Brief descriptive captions
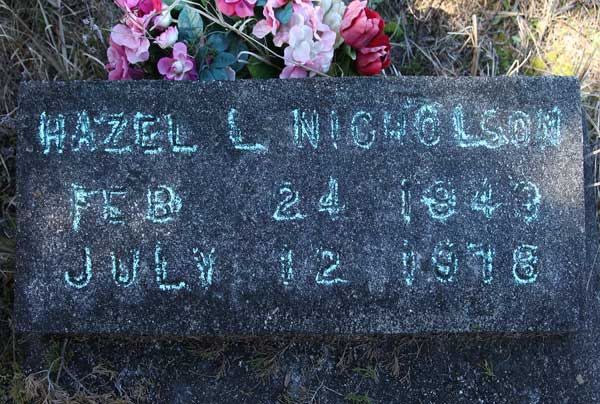 Hazel L. Nicholson Gravestone Photo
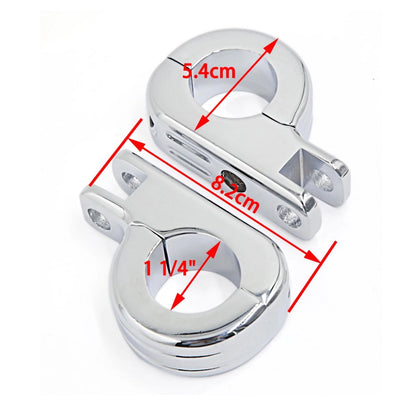 1.25" / P Clamp On / Footpegs Mount for Harley Davidson Chrome Universal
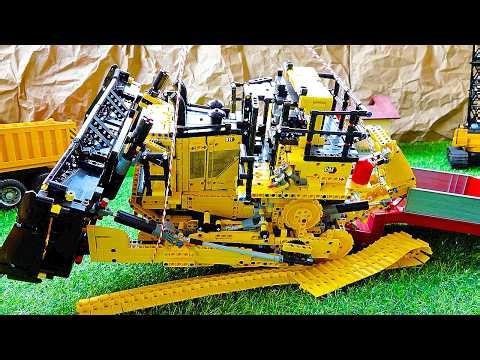 Build Lego Technic / Truck Car Toy Assembly with Construction Vehicles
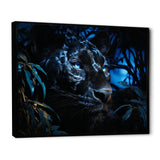 Black Panther Under The Moonlight - Panther Living Room Wall Art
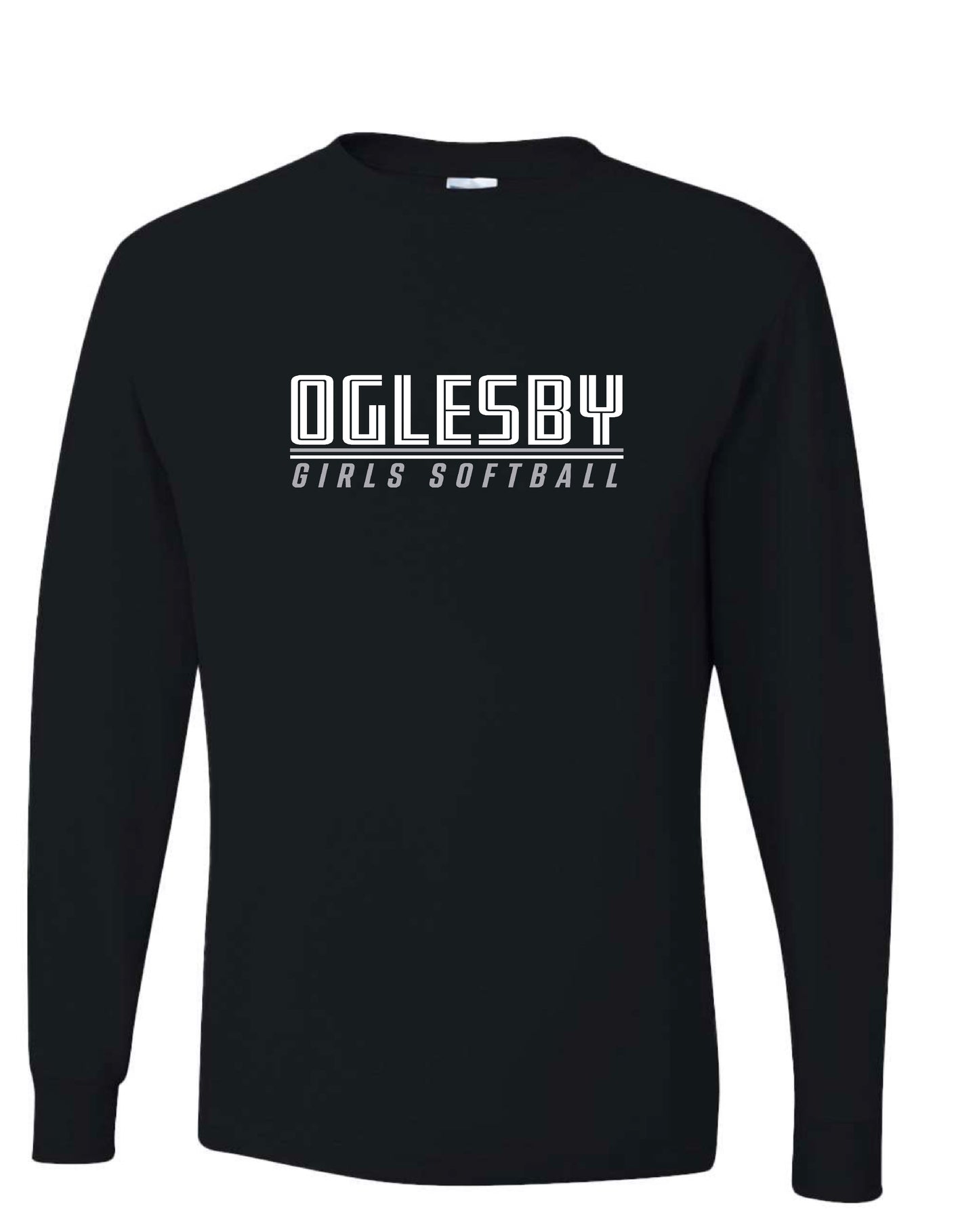 OGLESBY SOFTBALL LINE TYPE TSHIRT/ LONG SLEEVE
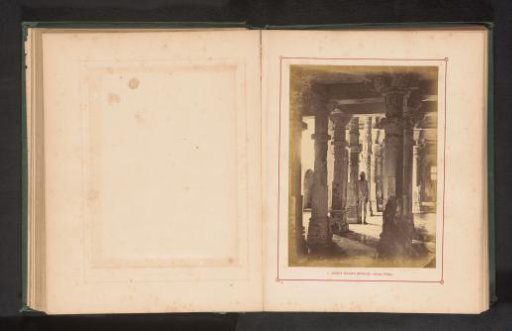 Pillars of the Haibat Khan Mosque in Ahmedabad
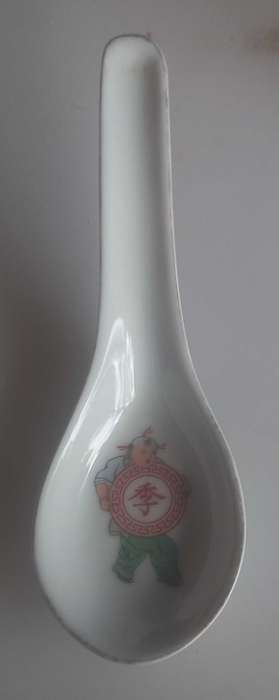 Chinese soup spoon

__WORK REQUIRED__: Leave out the pictures and retype the rest of the entries exactly.

__ANSWER TO THIS TASK__:
 Hazel L. Nicholson Gravestone Photo
 1.25" / P Clamp On / Footpegs Mount for Harley Davidson Chrome Universal
 Build Lego Technic / Truck Car Toy Assembly with Construction Vehicles
 Black Panther Under The Moonlight - Panther Living Room Wall Art
 OGLESBY SOFTBALL LINE TYPE TSHIRT/ LONG SLEEVE
 Pillars of the Haibat Khan Mosque in Ahmedabad
 Chinese soup spoon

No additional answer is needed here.